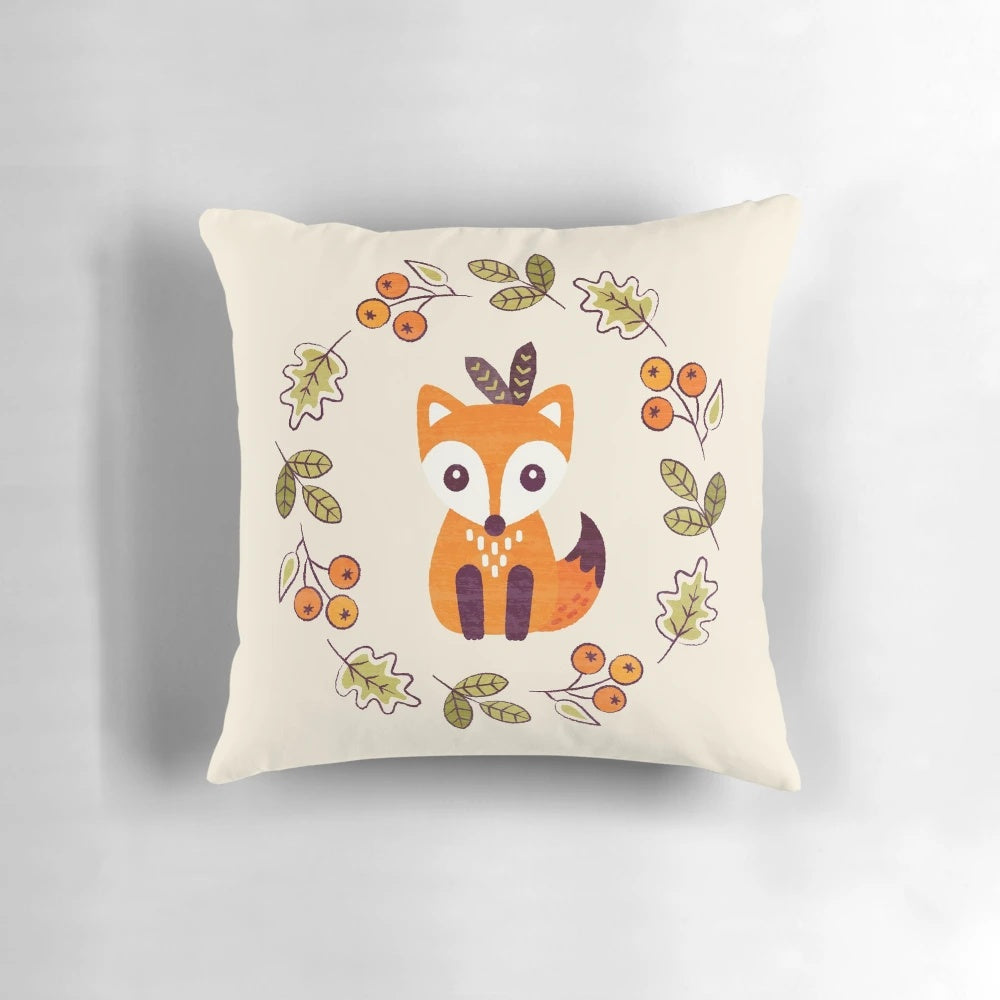 A decorative pillow featuring a cute red fox surrounded by autumn berries and foliage on a neutral background.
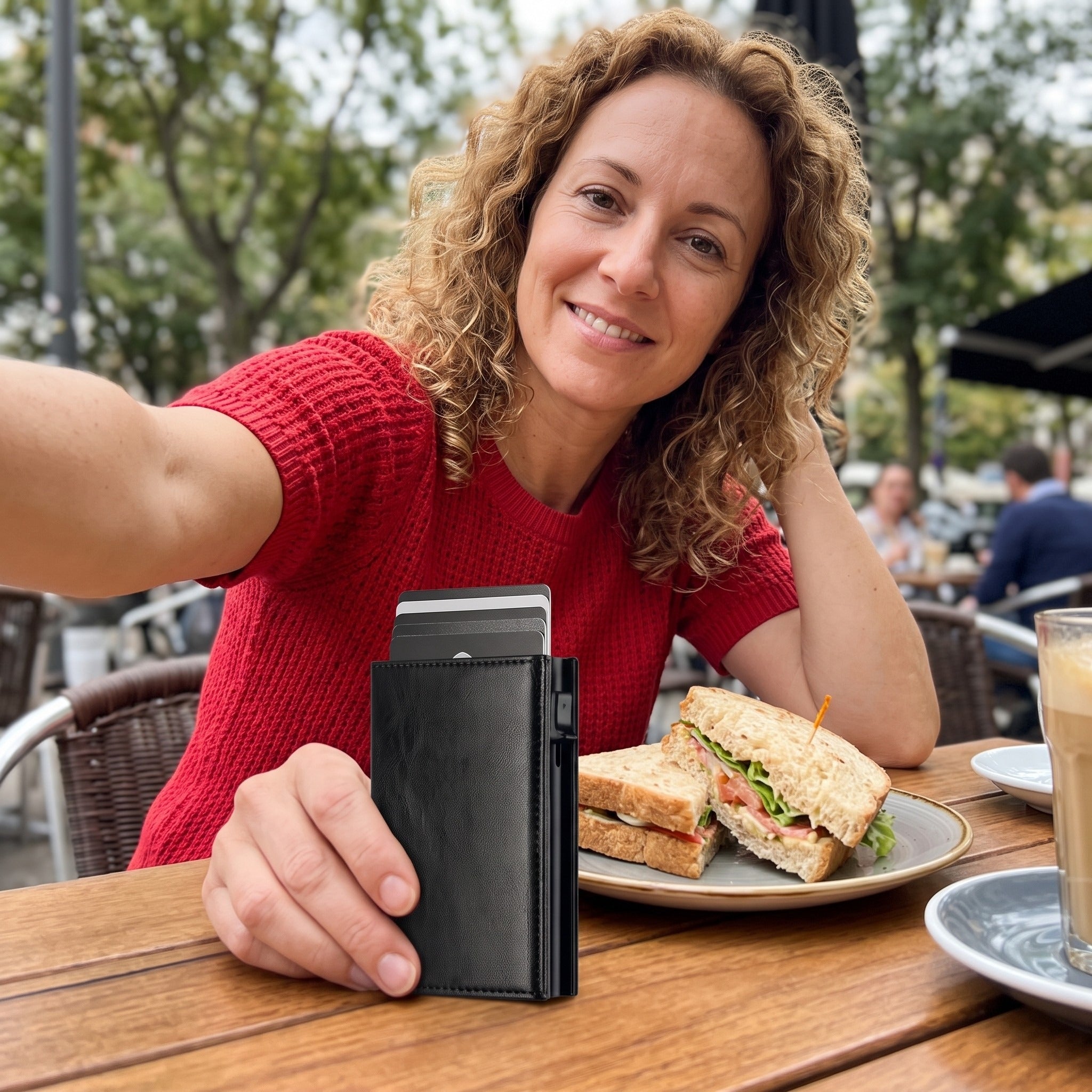 Woman with black wallet taking a cafe selfie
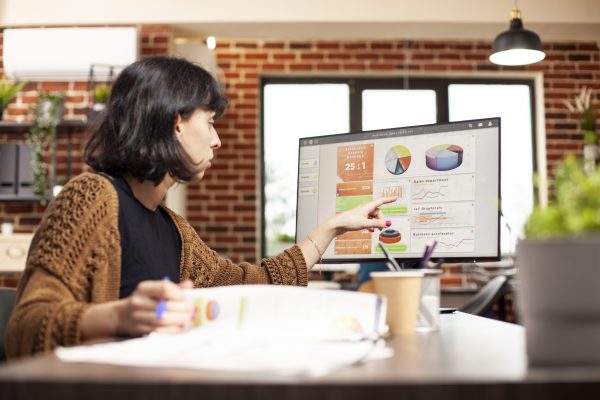 Female analyst review data on computer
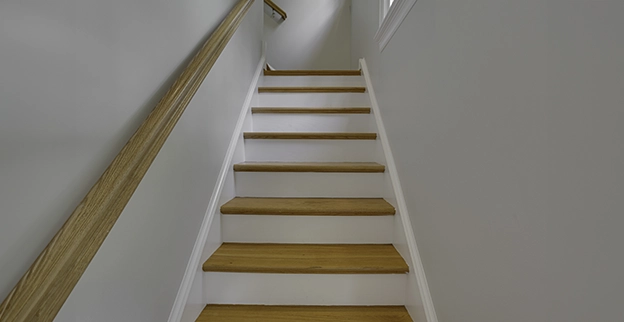 A wooden staircase leading upward.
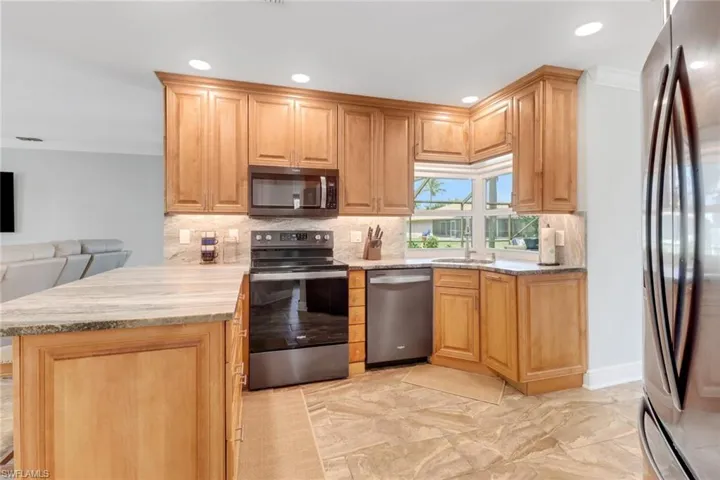 Kitchen with crown molding, a peninsula, stainless steel appliances, backsplash, and recessed lighting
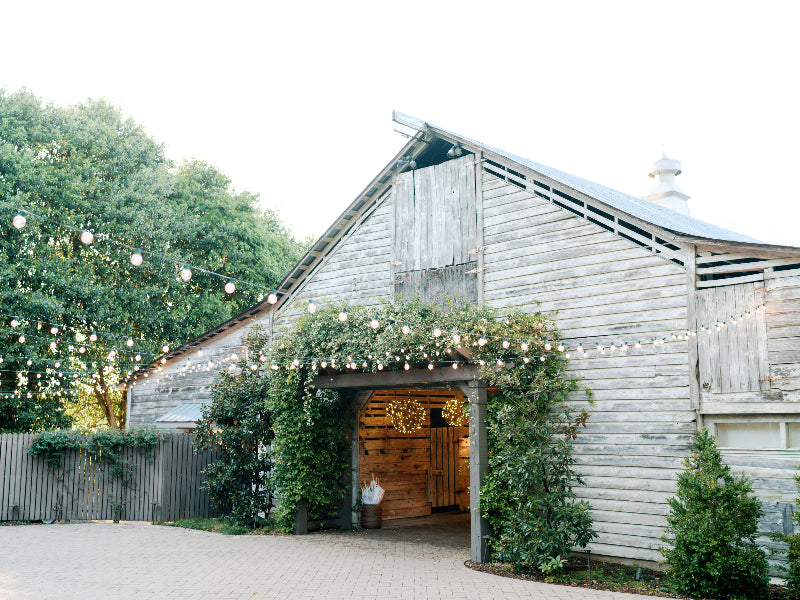 A rustic wooden barn decorated with string lights is surrounded by greenery and trees, with an open entrance leading inside and a paved courtyard in front.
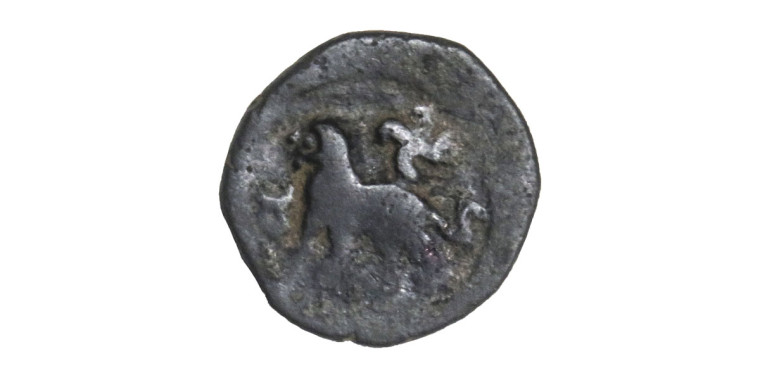 Taxila - Copper coin with lion and Swastika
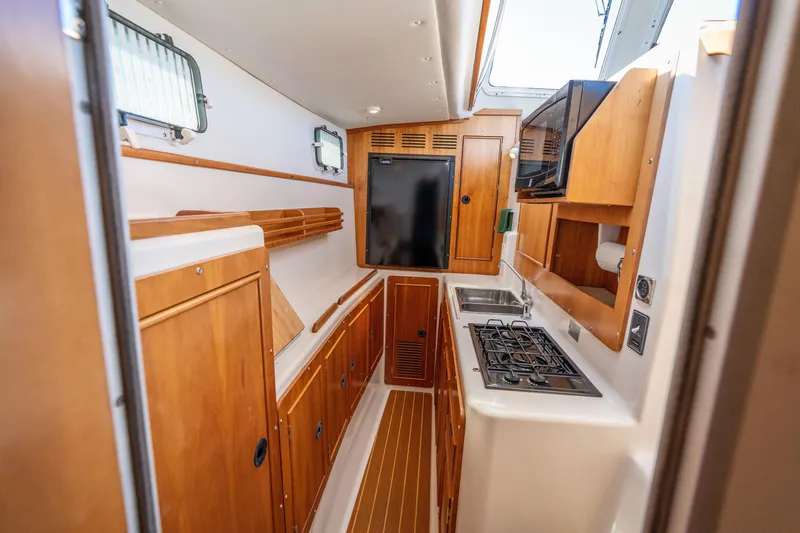 Slide: The Image of Interior galley of 2002 PDQ Power Catamaran MV/34 Passagemaker with wood cabinetry and appliances. - 33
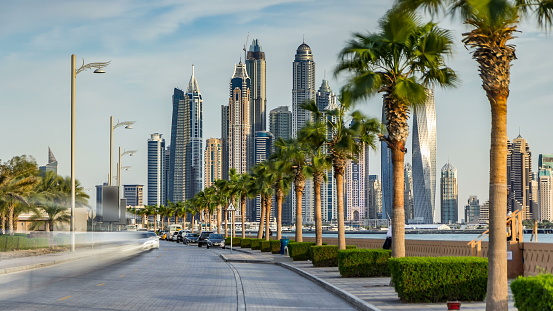 Waterfront promenade on the Palm Jumeirah with palms at road and traffic timelapse before sunset. Dubai, United Arab Emirates. Dubai marina towers on background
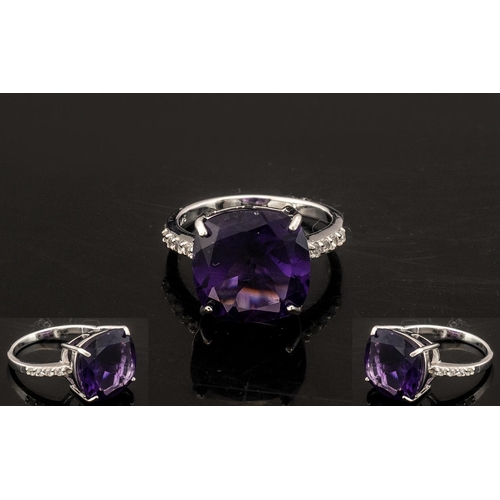 282 - Amethyst Solitaire Ring, the 9ct square cushion cut amethyst, of a rich Royal purple colour, measure... 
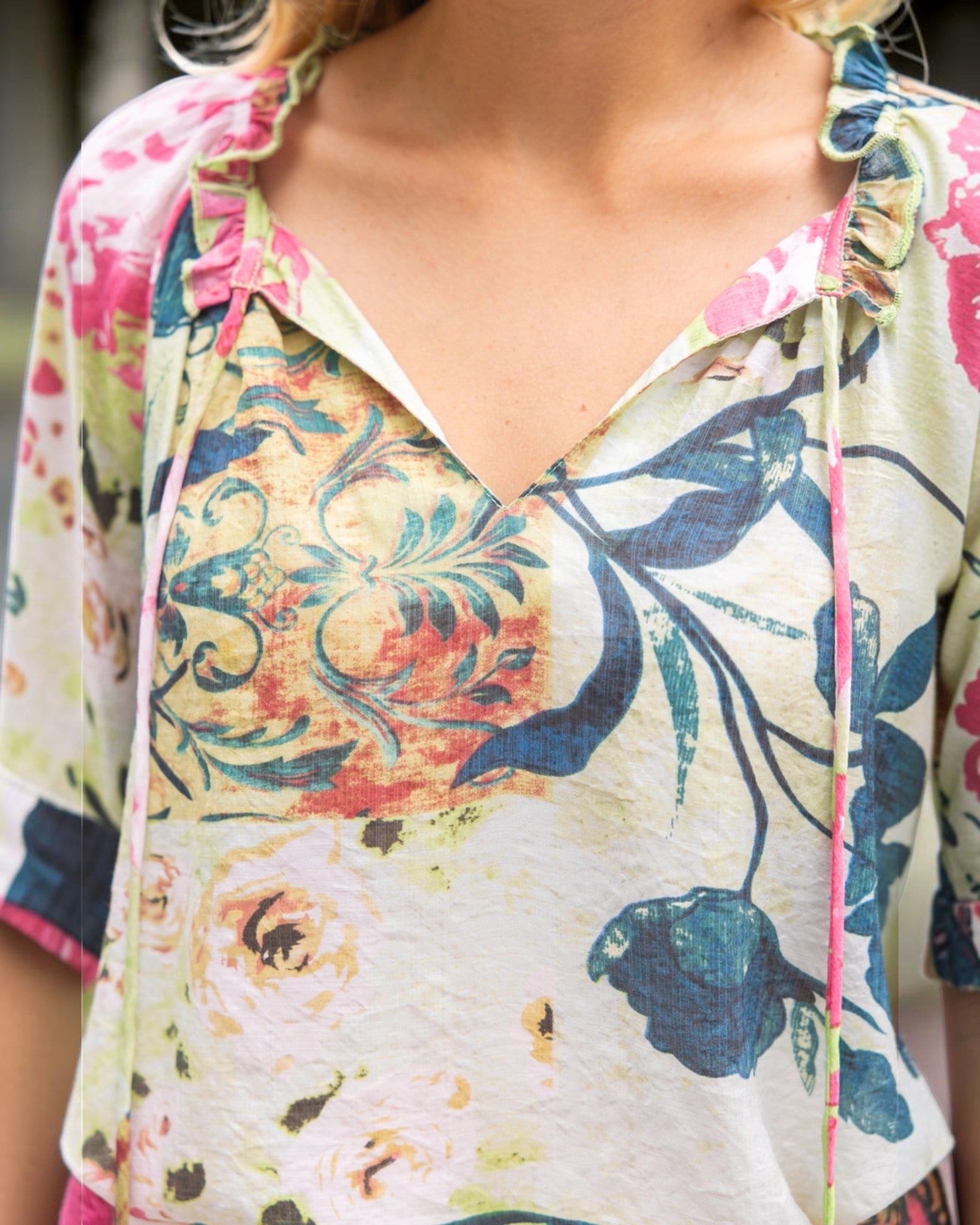 Close-up of a colorful  tie front floral-patterned garment.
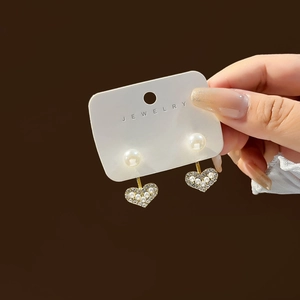 Detailed view of gold heart earrings with white pearls and sparkling rhinestones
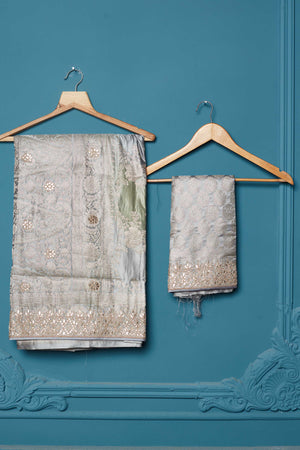 Shop beautiful grey Mashru Banarasi saree online in USA with embroidery. Look royal at weddings and festive occasions in exquisite designer sarees, handwoven sarees, pure silk saris, Banarasi sarees, Kanchipuram silk sarees from Pure Elegance Indian saree store in USA. -blouse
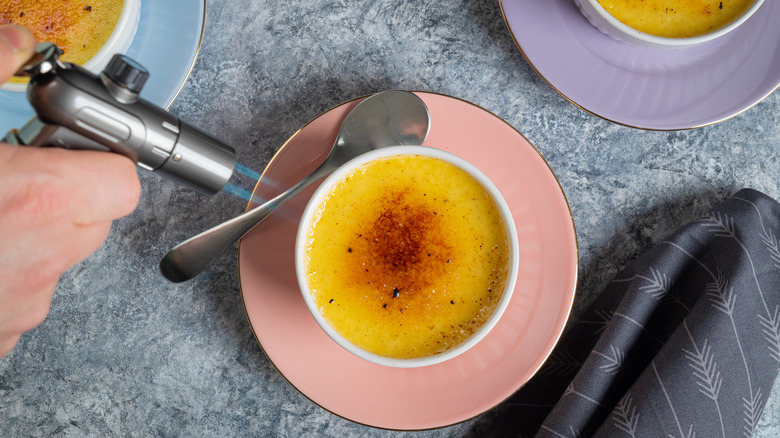 cook torching crème brûlée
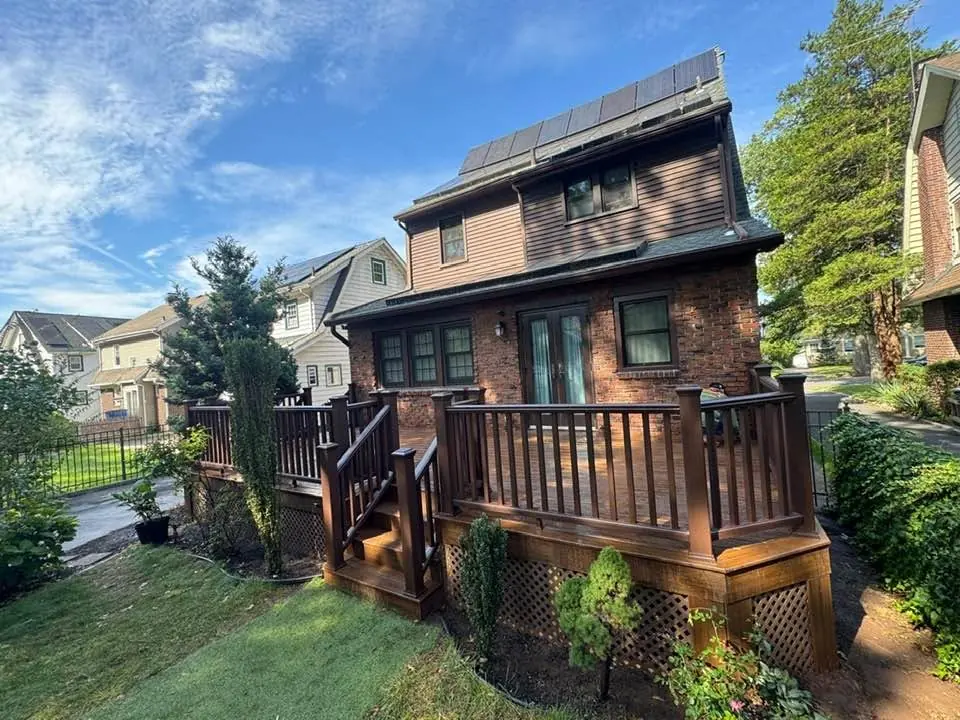 Finished deck with brown railings behind a brick house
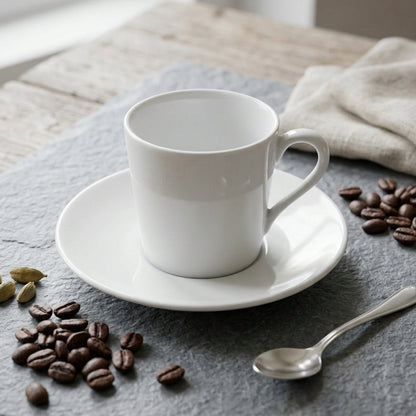White coffee cup on a saucer with coffee beans and a spoon on a gray surface.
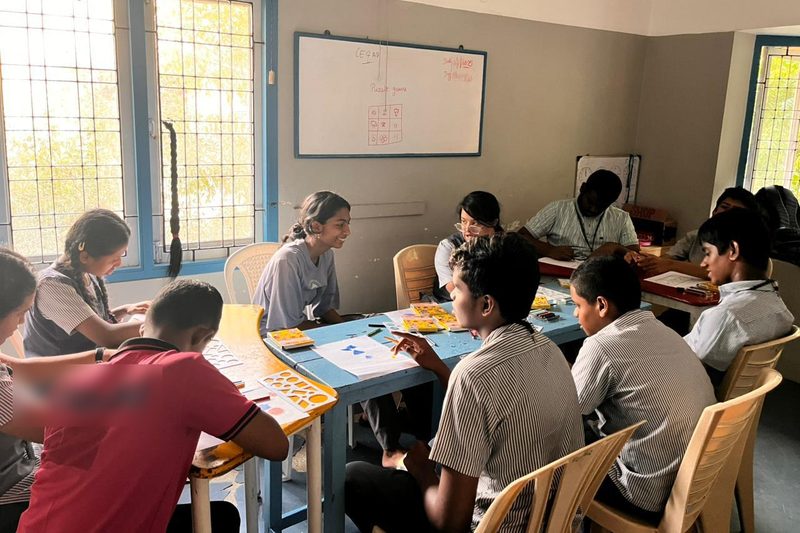 Shruti Arvind with students at Swabodhini during a stencil activity
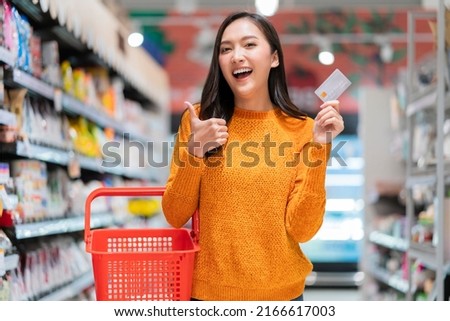 happiness shopping with credit card asian cheerful female smiling hand show cardit card cashless payment  hold empty basket ready to choose consumer product with joyful in supermarket business concept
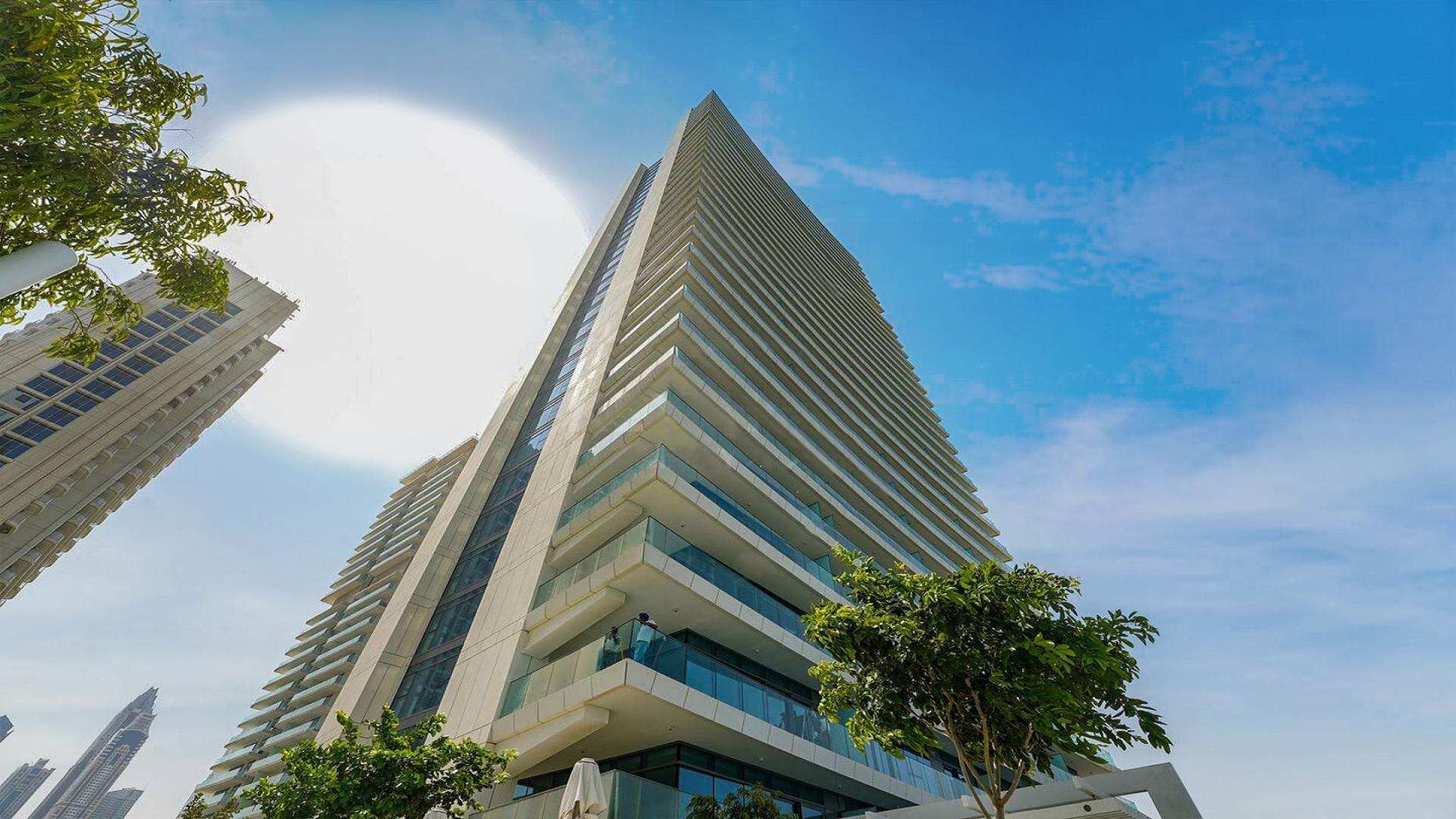 Balcony view from furnished apartment in Emaar Beachfront, Dubai Harbour, overlooking skyscrapers and sea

▬▬▬

__TASK GOAL__. Pictures in the entries do not go into the copy. Print only the lines starting at the one containing "cook torching crème brûlée" and ending at the one containing "Shruti Arvind with", exactly as they appear.

__SOLUTION TO THE PROBLEM__.
 cook torching crème brûlée
 Finished deck with brown railings behind a brick house
White coffee cup on a saucer with coffee beans and a spoon on a gray surface.
 Shruti Arvind with students at Swabodhini during a stencil activity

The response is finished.